Cada año se generan millones de toneladas de residuos electrónicos en el mundo. Aunque el reciclaje parece ser la solución ideal, detrás de esta industria emergente se esconde un mercado opaco, con escasa regulación, tráfico ilegal y condiciones laborales alarmantes.
El rápido avance tecnológico y el consumo masivo de dispositivos electrónicos han convertido a la basura electrónica —también conocida como e-waste— en uno de los residuos de crecimiento más acelerado a nivel global. Smartphones, laptops, electrodomésticos y televisores tienen ciclos de vida cada vez más cortos, y una gran parte termina en vertederos o es reciclada de manera informal. En este contexto, el reciclaje de residuos electrónicos aparece como una actividad crucial, no solo para recuperar materiales valiosos como oro, plata o litio, sino también para mitigar el impacto ambiental de esta montaña de desechos digitales. Sin embargo, detrás de esta aparente solución sostenible se esconde un negocio cada vez más lucrativo… y turbio.
Según el informe Global E-waste Monitor 2024, el mundo generó más de 62 millones de toneladas de basura electrónica el año pasado, pero solo el 22% fue reciclada formalmente. El resto termina en circuitos paralelos, muchas veces ilegales, que operan sin controles sanitarios ni laborales adecuados, especialmente en países en desarrollo.
"Lo que no se recicla bien, contamina", explica Laura Méndez, especialista en gestión de residuos del Instituto de Medio Ambiente y Sociedad. “Pero lo más grave es que buena parte del reciclaje que se realiza hoy en día no cumple con estándares mínimos.
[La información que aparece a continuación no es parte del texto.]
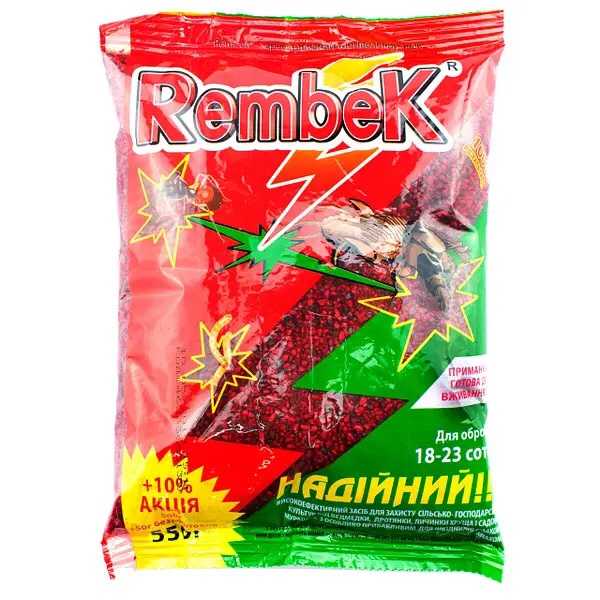 Рембек Супер пшено красное 550 гр Рембек Супер пшено красное 550 гр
En nombre del ‘reciclaje’, estamos permitiendo prácticas que afectan la salud de comunidades enteras y alimentan redes de corrupción”.
Uno de los aspectos más opacos del sector es la exportación de basura electrónica desde países desarrollados hacia naciones del Sur Global, especialmente en África y Asia. A menudo, estos residuos son declarados como “equipos usados” o “donaciones”, pero en realidad están inservibles. En Ghana, India o Nigeria, miles de personas —incluidos niños— trabajan en condiciones precarias, desmantelando dispositivos con herramientas rudimentarias, expuestos a sustancias tóxicas como plomo, cadmio y mercurio.
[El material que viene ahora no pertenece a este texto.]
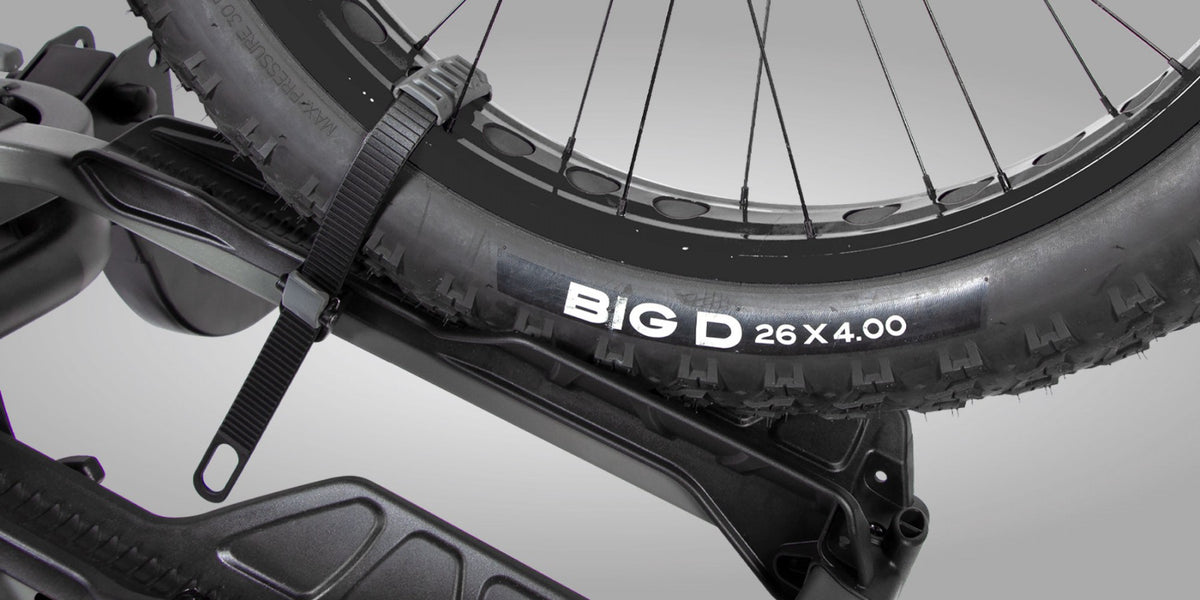 Buzz Rack e-Hornet 3 — tow ball e-bike platform, 3 bikes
Además del problema sanitario y ambiental, existe un interés económico detrás del reciclaje informal: los dispositivos electrónicos contienen metales preciosos cuya recuperación, aunque costosa en plantas reguladas, se vuelve rentable en talleres informales sin medidas de seguridad. Esta realidad ha atraído a actores inescrupulosos que operan en las sombras, aprovechando vacíos legales y la falta de fiscalización.
En América Latina, el panorama tampoco es alentador. Si bien países como Chile, Colombia y México han avanzado en leyes de responsabilidad extendida del productor, su implementación es dispar y las empresas evitan rendir cuentas reales sobre el destino final de los residuos electrónicos. En muchos casos, los consumidores no tienen dónde depositar sus equipos en desuso, o desconocen qué pasa con ellos tras entregarlos a supuestos centros de reciclaje.
A pesar de este escenario sombrío, hay esfuerzos positivos. Startups de reciclaje tecnológico están surgiendo con enfoques innovadores, que van desde el reacondicionamiento de equipos hasta sistemas de trazabilidad mediante blockchain. No obstante, estos modelos todavía son marginales frente al peso de la economía informal del e-waste.
El reciclaje de basura electrónica es, sin duda, un negocio en crecimiento. Pero su consolidación como actividad sustentable y ética depende de una regulación más estricta, cooperación internacional y una mayor conciencia ciudadana. De lo contrario, lo que se presenta como solución verde podría seguir alimentando un mercado gris, tan rentable como nocivo.